Let $\Phi$ and $\phi$ respectively be the cumulative distribution function and probability density function of a standard normal distribution. $\beta$ is a $d \times 1$ vector which follows a multivariate normal distribution $\mathcal{N}\left(\mu, \Sigma\right)$. How can I compute the following expectation: $$ \mathbb{E}_{\beta}\left[\log \Phi \left(x^{T}\beta\right)\right] $$
I wonder if this is the same as $\log \Phi\left(x^{T}\mu\right)$.
It should be noted that, in general, for any non-linear function $g$ of a random variable $X$, $ \mathbb{E}[g(X)] \neq g(\mathbb{E}[X]) $ . You can see this by expanding out the integrals; $$ \mathbb{E}[g(X)] = \int_X g(x)f(x)dx;\;\;\;\;g(\mathbb{E}[X])=g\bigg(\int_X xf(x)dx\bigg) $$ You could see how the two would only be equal in the case $g$ was linear.
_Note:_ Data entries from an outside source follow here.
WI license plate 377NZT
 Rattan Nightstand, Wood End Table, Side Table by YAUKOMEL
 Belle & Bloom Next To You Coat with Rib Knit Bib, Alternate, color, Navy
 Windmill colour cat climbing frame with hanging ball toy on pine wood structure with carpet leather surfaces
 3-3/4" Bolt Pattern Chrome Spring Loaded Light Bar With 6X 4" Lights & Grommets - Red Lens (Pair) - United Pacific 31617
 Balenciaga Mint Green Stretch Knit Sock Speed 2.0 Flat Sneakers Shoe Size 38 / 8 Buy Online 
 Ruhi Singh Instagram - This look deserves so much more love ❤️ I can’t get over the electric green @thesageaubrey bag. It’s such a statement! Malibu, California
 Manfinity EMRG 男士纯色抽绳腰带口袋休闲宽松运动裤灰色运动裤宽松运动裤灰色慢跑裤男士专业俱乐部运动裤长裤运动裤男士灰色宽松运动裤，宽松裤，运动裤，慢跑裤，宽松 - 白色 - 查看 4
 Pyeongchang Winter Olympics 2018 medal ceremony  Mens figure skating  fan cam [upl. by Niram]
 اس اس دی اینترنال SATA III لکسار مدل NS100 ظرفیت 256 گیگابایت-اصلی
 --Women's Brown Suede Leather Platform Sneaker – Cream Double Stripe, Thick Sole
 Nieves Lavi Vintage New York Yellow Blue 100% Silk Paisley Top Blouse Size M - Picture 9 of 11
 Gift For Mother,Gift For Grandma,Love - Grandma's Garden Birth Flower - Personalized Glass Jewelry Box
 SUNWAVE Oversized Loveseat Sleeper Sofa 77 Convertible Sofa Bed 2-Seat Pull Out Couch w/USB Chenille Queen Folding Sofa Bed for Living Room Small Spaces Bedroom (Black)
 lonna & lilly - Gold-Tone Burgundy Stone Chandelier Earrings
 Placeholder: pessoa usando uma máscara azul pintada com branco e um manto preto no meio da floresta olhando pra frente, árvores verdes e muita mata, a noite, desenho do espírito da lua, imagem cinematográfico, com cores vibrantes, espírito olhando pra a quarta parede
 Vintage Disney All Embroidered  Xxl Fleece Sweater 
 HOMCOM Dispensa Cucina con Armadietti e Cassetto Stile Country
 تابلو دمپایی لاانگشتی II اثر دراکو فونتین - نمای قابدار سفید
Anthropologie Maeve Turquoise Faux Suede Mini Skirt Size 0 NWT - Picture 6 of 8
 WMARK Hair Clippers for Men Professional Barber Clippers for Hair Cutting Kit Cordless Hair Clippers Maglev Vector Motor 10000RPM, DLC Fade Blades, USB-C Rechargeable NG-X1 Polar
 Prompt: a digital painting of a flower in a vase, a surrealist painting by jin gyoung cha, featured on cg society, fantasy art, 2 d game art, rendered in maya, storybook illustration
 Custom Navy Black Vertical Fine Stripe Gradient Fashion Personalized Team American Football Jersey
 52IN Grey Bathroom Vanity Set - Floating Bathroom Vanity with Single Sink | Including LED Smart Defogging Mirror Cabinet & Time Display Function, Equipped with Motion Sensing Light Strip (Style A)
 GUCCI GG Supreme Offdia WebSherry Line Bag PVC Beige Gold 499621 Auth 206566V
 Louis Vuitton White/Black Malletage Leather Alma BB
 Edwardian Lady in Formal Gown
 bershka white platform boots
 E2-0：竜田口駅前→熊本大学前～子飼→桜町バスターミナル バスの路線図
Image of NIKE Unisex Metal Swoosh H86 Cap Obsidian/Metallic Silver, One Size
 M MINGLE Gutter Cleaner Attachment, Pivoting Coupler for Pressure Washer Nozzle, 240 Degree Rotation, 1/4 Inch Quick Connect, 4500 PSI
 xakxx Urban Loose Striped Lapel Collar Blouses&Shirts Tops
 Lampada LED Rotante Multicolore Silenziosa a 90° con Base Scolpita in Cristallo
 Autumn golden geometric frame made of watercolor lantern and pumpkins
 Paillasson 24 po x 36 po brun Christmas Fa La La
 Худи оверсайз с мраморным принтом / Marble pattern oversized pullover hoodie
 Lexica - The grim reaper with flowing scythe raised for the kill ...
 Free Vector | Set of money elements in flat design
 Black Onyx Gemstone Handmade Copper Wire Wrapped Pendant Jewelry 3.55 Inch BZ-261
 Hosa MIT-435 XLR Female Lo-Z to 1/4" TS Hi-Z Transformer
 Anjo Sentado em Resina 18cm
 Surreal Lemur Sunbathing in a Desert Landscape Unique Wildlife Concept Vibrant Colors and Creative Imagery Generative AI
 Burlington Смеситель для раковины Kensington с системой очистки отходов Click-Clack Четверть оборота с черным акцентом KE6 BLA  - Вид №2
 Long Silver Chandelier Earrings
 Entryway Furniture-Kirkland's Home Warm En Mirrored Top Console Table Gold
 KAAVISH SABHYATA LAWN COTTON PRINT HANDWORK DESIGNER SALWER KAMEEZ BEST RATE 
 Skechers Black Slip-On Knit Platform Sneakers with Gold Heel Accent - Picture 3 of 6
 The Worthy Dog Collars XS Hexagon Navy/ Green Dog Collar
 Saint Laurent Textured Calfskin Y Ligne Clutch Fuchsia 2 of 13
So given the above; $$\mathbb{E}_{\beta}\left[\log \Phi \left(x^{T}\beta\right)\right] \neq \log \Phi\left(x^{T}\mu\right)$$
You can estimate $\mathbb{E}_{\beta}\left[\log \Phi \left(x^{T}\beta\right)\right] $ via Monte Carlo
$$ \mathbb{E}_{\beta}\left[\log \Phi \left(x^{T}\beta\right)\right]=\int_\beta \log \Phi \left(x^{T}\beta\right)f(\beta|\mu, \Sigma)d\beta \approx \frac{1}{G}\sum_{g=1}^G \log \Phi \left(x^{T}\beta^{(g)}\right) $$ where $\beta^{(1)},\beta^{(2)},...,\beta^{(G)} \sim \mathcal{N}(\mu,\Sigma)$.
If the dimension of $\beta$ is large, the above approximation may not work efficiently (it will take a very large $G$ for it to get close). Otherwise, this is a pretty standard and well accepted approach.
I am not aware of a closed form solution to the above integral. If another user does derive an analytical solution you should use that instead of the the Monte Carlo approximation above. There may also be ways to improve the above estimate with importance sampling.